Thursday, September 06, 2007

Hartmann Luggage

I has been 18 years since I last step foot inside the manufacturing facility in Lebanon, Tennessee. But, I believe I could still draw the layout of the building as it existed in 1989!

I found out today that Hartmann is closing down the production floor. No more Outline Line, Box Shop, Components, AB Line, 08, 03, 04, Linings, Leather Cutting...

Article from the Tennessan:

Hartmann Inc. is closing its luggage factory in Lebanon after 51 years, saying the plant is too expensive to keep open.

The company, which was acquired earlier this year by a New York-based private equity firm, said on Friday it would dismiss 90 people — more than half its local work force — and shutter the facility in late November.

Hartmann said it would outsource the work to companies in the Caribbean, Central America and China.

Hartmann's other local operations, including its corporate offices, customer service and the company's outlet store, will remain open. Those divisions employ about 75 people, said Ronald Roberts, an outside spokesman who represents the firm.

No Hartmann officials were available Friday to discuss the decision, Roberts said. A receptionist at Clarion Capital Partners LLC, the New York firm that bought Hartmann from Louisville, Ky.-based Brown-Forman Corp. in April, said the company's top executives were on vacation.

The closing will halt a production operation in Lebanon that has been turning out high-end luggage since Hartmann moved from Milwaukee in 1956.

The facility had remained open even after Hartmann began acquiring most of its raw materials from overseas, stitching together bags for sale domestically.

Outsourcing to foreign firms is not unusual in the luggage industry, and Hartmann has been making some of its products abroad for several years, Roberts said.

Hartmann, in business since 1877, has positioned itself as a premium brand. For example, a 50-inch garment bag, with Jacquard fabric and leather trim, sells on the company's Web site for $1,095.

But Susan Cavender, manager of Nashville Trunk & Bag Co., said the number of defective products from the manufacturer has increased in recent years.

Since the company began outsourcing the work to overseas manufacturers several years ago, the number of bags with broken handles and missing wheels has soared, she said.

"I have a lot of folks who are dyed-in-the-wool Hartmann customers, and they're saying, 'I would never buy another piece of Hartmann luggage,' " she said.

Roberts, the company spokesman, denied that the quality of the company's luggage has declined in recent years, and others in the industry said Hartmann remains a premium brand.
"We really haven't had a problem or anything," said Steven Van Kuren, manager of Mori Luggage and Gifts in Cool Springs.

Felicia Libbin, a spokeswoman for the National Luggage Dealers Association, said luggage makers have to keep a close watch on overseas manufacturers if they want to maintain quality after outsourcing.

"The best companies have offices overseas and designers overseas," she said.
Hartmann has no offices overseas, but it has worked with the same production facilities for years and is confident they understand the company's high standards, Roberts said.

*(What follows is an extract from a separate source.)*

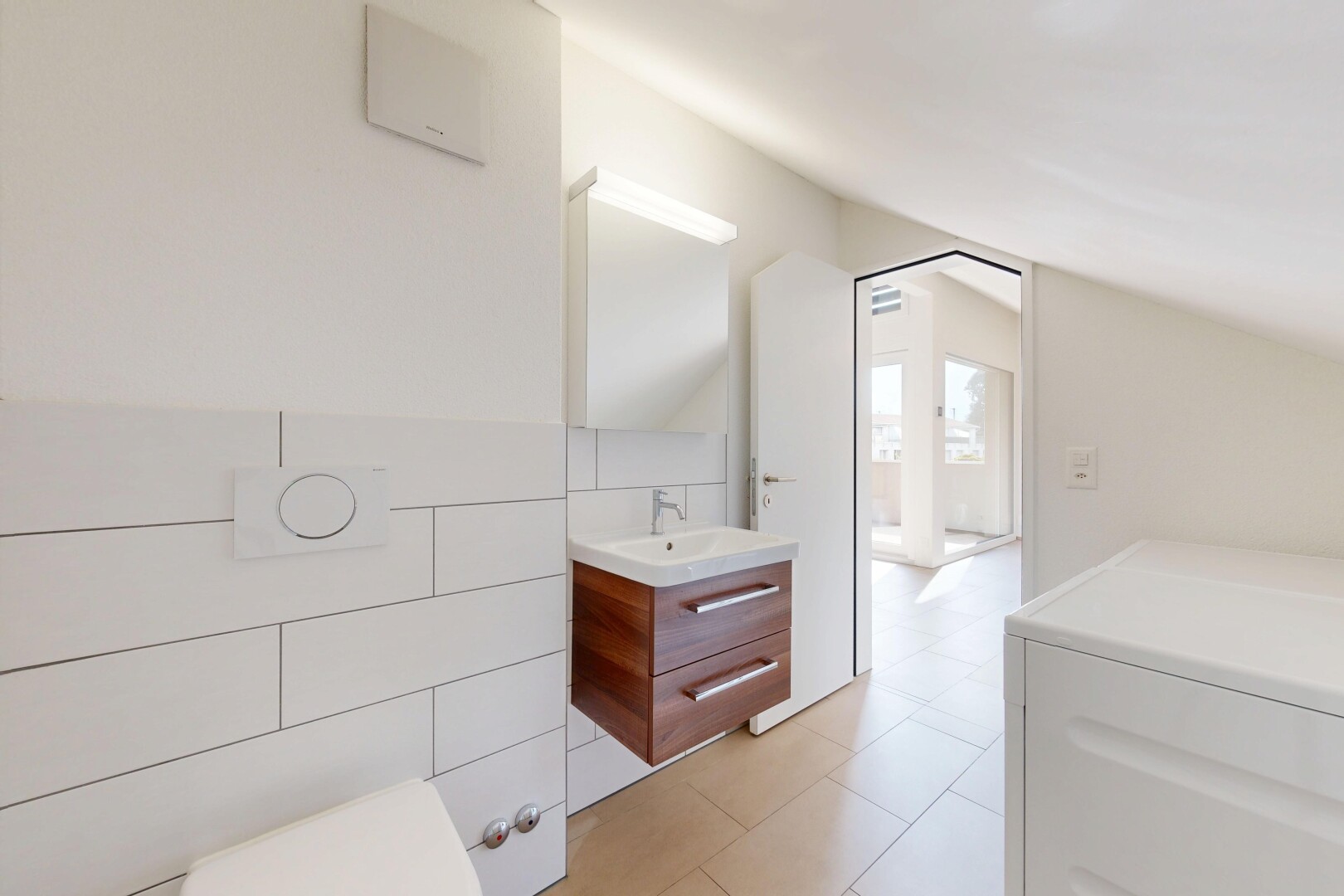 salle de bains avec lavabo (ou coiffeuse selon le contexte), miroir, inside property, cloison sèche, et drywall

Hartmann's decision to close its Lebanon plant was made by company officials this summer as it became increasingly apparent that the firm needed to shift operations abroad to compete with other brands that had already done so, Roberts said.

Another factor was the fact that most of the zippers, nylon and other materials that the company needs to produce its bags were already being made overseas.

One of the company's last major domestic suppliers, Quaker Fabric Corp. of Fall River, Mass., which had supplied the fabric for the company's well-known Walnut Tweed line, shut down and declared bankruptcy over the summer.

Workers at the factory will receive severance pay based on their years of service. Roberts declined to provide details of the package and said he did not know how much money the company would save by moving production abroad.

The loss of 90 jobs will be a blow to the economy in Wilson County, said G.C. Hixson, director of the Joint Economic & Community Development Board.

He hoped at least some of the workers in the Hartmann plant could find work at Tacle Seating U.S.A.'s new facility in Mt. Juliet, which supplies seats to Nissan North America's plant in Smyrna.


Wow, only 90 production employees? I remember a time when there was over 450.

Somehow that sounds all too familiar!!!